The investigation found RCMP officers discriminated against Boushie’s family in the how they conducted themselves during the investigation and how they treated his mother, Debbie Baptiste, when they informed her he had been killed.
In a release put out earlier this week the tribal council, which represents 12 First Nations, said the system failed Boushie and his family. The PAGC as well joined the Assembly of First Nations (AFN) in calling for the establishment of an independent police oversight committee.
Speaking to MBC News, PAGC Grand Chief Brian Hardlotte said they felt it was important to show their support.
“We’re standing in solidarity with the Boushie family in this difficult time again, you know with the release of the report, the findings, standing in solidarity also with the FSIN in the recommendations that were put out,” he said.
The grand chief said he is optimistic about the possibility of reforming the RCMP so it better serves First Nations people and communities. But he added in order for the force to reform there has to be the political will to do so.
“It has to be the government, the minister himself of public safety and also the prime minister to be able to do that reform, but it also requires the leadership to stand together in solidarity to make those reforms,” he said.

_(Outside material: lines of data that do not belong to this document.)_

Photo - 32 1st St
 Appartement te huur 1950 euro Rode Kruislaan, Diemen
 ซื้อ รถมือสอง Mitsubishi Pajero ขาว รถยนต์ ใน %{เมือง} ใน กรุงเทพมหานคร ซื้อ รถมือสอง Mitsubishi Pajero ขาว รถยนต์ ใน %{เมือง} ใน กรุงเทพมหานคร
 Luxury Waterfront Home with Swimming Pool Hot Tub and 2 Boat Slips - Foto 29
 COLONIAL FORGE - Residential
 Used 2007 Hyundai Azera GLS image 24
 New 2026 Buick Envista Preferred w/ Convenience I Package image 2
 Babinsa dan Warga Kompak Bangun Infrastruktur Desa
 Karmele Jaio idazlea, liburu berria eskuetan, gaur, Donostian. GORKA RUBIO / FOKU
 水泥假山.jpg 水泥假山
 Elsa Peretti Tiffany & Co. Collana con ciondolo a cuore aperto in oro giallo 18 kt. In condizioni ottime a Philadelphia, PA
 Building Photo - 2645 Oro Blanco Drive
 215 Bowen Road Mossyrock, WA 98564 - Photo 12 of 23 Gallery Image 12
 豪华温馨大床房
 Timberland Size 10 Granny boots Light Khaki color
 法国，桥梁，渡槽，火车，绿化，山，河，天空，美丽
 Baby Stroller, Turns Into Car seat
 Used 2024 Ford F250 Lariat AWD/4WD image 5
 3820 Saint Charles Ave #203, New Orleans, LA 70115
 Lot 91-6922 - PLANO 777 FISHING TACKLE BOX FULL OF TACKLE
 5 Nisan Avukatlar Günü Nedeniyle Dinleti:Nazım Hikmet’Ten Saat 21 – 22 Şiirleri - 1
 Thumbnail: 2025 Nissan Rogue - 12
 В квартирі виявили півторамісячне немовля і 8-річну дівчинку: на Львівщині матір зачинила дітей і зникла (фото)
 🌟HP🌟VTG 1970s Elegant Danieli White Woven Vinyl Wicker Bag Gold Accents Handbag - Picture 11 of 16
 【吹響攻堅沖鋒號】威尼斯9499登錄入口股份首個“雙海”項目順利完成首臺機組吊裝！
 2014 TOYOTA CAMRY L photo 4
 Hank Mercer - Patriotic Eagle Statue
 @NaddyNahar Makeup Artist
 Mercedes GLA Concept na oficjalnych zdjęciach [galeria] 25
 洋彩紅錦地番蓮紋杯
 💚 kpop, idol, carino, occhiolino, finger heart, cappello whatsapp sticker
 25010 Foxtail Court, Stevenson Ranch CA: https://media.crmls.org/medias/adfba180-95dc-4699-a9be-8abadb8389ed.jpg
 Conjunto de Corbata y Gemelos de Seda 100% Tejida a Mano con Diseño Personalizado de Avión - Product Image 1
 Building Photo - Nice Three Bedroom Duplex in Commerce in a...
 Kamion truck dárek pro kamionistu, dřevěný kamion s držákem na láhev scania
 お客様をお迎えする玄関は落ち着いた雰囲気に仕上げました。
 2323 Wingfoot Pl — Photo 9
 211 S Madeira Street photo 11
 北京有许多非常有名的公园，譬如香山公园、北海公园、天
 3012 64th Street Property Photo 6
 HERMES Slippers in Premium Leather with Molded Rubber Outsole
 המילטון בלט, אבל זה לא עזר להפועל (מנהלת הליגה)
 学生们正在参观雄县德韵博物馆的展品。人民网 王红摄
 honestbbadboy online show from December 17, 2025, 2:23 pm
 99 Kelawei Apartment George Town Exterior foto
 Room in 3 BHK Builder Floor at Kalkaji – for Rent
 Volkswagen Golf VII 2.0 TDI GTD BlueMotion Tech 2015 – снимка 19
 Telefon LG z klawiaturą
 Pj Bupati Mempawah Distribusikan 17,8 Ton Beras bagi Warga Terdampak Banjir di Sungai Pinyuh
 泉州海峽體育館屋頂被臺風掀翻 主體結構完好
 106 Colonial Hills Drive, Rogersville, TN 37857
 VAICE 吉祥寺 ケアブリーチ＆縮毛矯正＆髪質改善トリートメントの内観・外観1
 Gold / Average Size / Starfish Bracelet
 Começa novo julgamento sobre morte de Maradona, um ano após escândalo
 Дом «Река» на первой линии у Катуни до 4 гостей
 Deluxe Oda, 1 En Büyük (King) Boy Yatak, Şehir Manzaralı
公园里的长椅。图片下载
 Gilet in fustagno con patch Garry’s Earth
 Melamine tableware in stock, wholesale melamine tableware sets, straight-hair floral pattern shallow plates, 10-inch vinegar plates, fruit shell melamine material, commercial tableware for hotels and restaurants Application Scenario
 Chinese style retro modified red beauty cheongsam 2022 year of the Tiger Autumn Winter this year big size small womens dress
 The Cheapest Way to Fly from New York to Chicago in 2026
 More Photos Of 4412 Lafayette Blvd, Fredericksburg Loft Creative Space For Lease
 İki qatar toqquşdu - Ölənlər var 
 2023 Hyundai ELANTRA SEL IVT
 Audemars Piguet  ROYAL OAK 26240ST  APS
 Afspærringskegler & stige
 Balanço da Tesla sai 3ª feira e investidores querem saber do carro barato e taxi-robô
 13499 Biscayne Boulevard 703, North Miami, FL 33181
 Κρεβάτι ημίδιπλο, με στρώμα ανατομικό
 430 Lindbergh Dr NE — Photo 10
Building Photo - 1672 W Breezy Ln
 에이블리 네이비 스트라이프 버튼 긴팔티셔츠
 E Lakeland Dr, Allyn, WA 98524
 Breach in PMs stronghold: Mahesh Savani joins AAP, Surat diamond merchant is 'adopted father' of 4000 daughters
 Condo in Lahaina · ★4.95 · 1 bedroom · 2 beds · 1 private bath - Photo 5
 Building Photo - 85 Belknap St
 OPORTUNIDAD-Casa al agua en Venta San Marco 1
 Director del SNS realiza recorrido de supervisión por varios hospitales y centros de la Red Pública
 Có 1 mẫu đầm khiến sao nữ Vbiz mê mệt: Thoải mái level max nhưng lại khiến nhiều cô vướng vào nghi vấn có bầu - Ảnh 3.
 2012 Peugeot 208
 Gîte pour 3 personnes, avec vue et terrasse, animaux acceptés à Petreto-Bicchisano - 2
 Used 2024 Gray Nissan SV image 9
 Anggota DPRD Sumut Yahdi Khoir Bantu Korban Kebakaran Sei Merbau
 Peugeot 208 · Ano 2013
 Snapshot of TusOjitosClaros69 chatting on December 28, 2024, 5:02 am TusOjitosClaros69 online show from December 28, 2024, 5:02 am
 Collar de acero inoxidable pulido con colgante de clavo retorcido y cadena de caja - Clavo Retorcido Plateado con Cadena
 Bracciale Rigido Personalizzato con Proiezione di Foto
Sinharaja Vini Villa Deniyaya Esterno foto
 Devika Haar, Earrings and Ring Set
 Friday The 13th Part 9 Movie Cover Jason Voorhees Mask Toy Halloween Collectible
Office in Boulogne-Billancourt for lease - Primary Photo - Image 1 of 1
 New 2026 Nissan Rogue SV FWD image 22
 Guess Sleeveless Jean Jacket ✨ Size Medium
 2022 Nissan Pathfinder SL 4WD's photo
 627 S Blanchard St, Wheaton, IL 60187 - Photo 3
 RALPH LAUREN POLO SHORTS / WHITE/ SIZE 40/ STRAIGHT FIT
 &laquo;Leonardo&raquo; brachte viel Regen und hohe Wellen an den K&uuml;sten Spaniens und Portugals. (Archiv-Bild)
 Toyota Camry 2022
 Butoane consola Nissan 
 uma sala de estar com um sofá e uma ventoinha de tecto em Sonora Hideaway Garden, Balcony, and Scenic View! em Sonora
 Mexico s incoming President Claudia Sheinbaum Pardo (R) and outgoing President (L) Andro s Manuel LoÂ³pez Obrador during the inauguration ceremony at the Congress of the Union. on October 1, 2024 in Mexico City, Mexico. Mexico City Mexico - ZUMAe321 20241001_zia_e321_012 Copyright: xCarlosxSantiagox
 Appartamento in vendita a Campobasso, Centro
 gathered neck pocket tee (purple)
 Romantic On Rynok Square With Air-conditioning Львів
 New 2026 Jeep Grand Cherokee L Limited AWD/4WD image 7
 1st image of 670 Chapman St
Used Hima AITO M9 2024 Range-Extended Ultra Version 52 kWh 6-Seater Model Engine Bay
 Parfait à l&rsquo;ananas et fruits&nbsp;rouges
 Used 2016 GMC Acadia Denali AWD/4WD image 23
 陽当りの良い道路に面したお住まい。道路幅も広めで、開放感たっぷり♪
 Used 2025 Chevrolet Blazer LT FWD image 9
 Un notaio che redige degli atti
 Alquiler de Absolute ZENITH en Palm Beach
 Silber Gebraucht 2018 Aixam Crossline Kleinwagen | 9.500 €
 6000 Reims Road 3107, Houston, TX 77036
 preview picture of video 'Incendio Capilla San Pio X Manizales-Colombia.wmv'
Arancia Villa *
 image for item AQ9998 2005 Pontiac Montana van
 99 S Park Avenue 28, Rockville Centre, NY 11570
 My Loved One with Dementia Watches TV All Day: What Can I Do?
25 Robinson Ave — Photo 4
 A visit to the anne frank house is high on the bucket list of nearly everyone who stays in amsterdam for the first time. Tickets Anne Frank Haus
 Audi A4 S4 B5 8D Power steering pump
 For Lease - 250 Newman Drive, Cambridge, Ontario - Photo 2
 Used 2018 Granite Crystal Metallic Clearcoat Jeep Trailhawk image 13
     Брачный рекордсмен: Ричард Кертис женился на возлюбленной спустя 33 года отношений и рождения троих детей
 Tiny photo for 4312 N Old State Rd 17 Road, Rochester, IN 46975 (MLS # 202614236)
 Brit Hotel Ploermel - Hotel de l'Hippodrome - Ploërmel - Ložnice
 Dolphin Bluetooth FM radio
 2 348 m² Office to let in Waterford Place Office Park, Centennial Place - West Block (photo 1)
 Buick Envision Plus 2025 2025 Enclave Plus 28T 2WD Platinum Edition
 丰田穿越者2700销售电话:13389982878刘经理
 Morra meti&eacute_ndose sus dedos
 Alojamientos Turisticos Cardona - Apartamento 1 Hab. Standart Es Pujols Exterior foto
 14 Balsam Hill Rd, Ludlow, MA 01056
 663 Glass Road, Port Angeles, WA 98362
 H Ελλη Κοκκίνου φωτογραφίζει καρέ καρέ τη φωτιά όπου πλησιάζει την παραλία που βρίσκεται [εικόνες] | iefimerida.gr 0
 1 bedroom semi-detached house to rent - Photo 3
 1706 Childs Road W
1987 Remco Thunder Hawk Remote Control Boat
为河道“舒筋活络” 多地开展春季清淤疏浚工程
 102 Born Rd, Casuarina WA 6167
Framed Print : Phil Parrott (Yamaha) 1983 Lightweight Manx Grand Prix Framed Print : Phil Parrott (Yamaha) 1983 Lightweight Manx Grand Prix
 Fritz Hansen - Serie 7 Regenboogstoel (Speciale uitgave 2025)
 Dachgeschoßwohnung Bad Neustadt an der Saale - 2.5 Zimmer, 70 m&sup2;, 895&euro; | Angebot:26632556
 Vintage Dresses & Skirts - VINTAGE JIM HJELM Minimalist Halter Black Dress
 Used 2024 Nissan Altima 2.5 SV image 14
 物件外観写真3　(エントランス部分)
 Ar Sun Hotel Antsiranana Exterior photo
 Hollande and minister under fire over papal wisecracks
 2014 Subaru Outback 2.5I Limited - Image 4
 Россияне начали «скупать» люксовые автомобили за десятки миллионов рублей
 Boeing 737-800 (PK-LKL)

Hardlotte explained the idea of First Nations self administered policing also needs to be looked at. He said this could involve First Nations having their own police services or see tribal councils providing the service. The grand chief added other reforms are also needed in the justice system overall. He said the tribal council also stands behind Federation of Sovereign Indigenous Nations Chief Bobby Cameron and his calls for the RCMP officers who mistreated Baptiste to be terminated.
On the issue of having stronger civilian oversight of the RCMP, Hardlotte said this is something which is important and added the PAGC is in agreement with the AFN on the issue of establishing an oversight body.
“When the police are policing themselves, you know what the outcome’s going to be,” he said.